The queen’s eyes bugged out a bit. “Marnette? Really? Marnette? That’s what passes as a name these days?”
“Aye,” said Marnette, a little warily.
“Okay fine, whatever. Just take a look and tell me what you see.”
Marnette found it hard to look, given the number of times she’d been smacked from behind by the housekeeper for even the most furtive glance toward a window or other direction where eyes of her station were not meant to turn. “The confectionaries are up close, and the tobacco plantations stretch out into the distance.” Farther than Marnette had ever walked from the palace in her entire lifetime, she noted to herself.
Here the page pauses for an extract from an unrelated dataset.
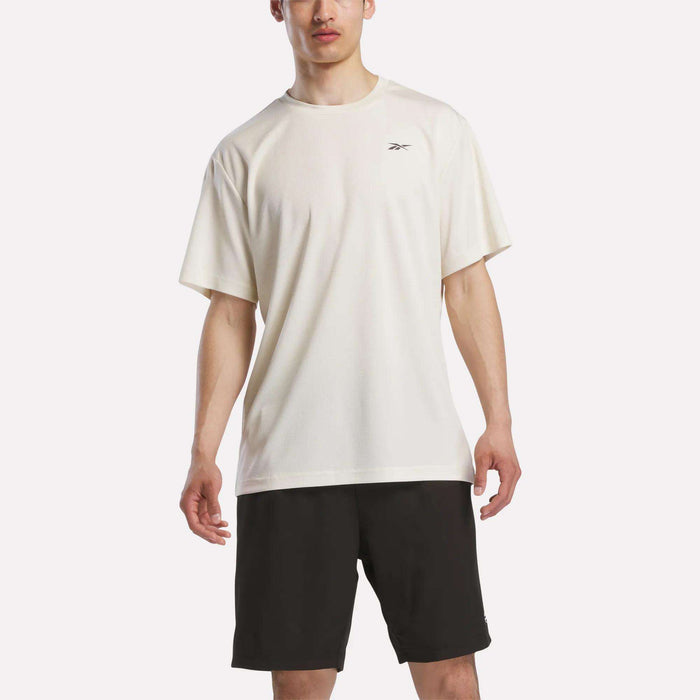 A person wears a loose-fitting Reebok Men's Director Short Sleeve Top with black shorts, standing against a plain light background.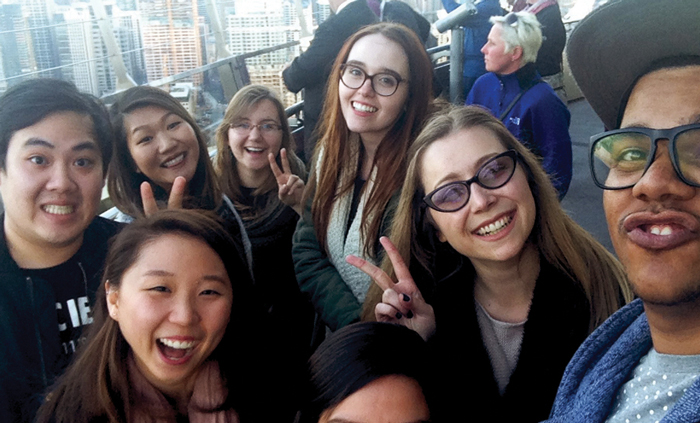 Students Smiling While Taking a Photo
“Candy and cigarettes, the two main exports of our kingdom’s modern economy. Now you tell me which is better, a herd of darling billy goats or a population of toothless, bloated, bronchitis-infested peasants hacking up their blackened lungs on the steps of my palace?”
“The…goats? Majesty?” Marnette winced, figuring that she had a coin flip’s chance of guessing right.
Queen Temalina beamed. “I like you, kid. How’d you like to be my Minister of Foreign Affairs?”
The servant girl blushed. “That would be wonderful, Majesty. With a lot of hard work and advancement through the ranks of household staff, and with more luck than I deserve, perhaps someday I may earn a chance to demonstrate my loyalty in a series of increasingly responsible positions that might lead to someday holding such a rank.”
“Someday, someday, someday.” The queen waved her hand. “You’ll be jaded and useless by then. What I mean is, how would you like to be my Minister of Foreign Affairs right now?”
“But Your Majesty! You already have a Minister of Foreign Affairs. Lord Brimley von Barleymelt has been in your employ for decades, and his family have served in that position for generations!” Marnette was only aware of this from having to dust the Von Barleymelt family portraits in the third floor main hall of the west wing. Each painting was accompanied by a name and dates of service on a brass plaque that needed twenty minutes of polishing every other week.
“Ah, yes. Von Barleymelt. Your first task will be to tell him that he’s been fired.”
Marnette blanched at the thought of even approaching the imposing nobleman with such news. “Majesty?” she squeaked.
“Your second task will be to formulate a new foreign policy,” the queen continued. “Shake things up. Break off all of our current alliances and form a bunch of new ones. It’ll be ever so much fun!”
The queen reached out to stroke Marnette’s soft brown hair. “There’s just something about you, child. Perhaps it’s the shape of your face. Perhaps it’s the tone of your voice. Perhaps it’s the time that’s elapsed since your last bath. But somehow, in some way, you remind me of a goat I used to know.”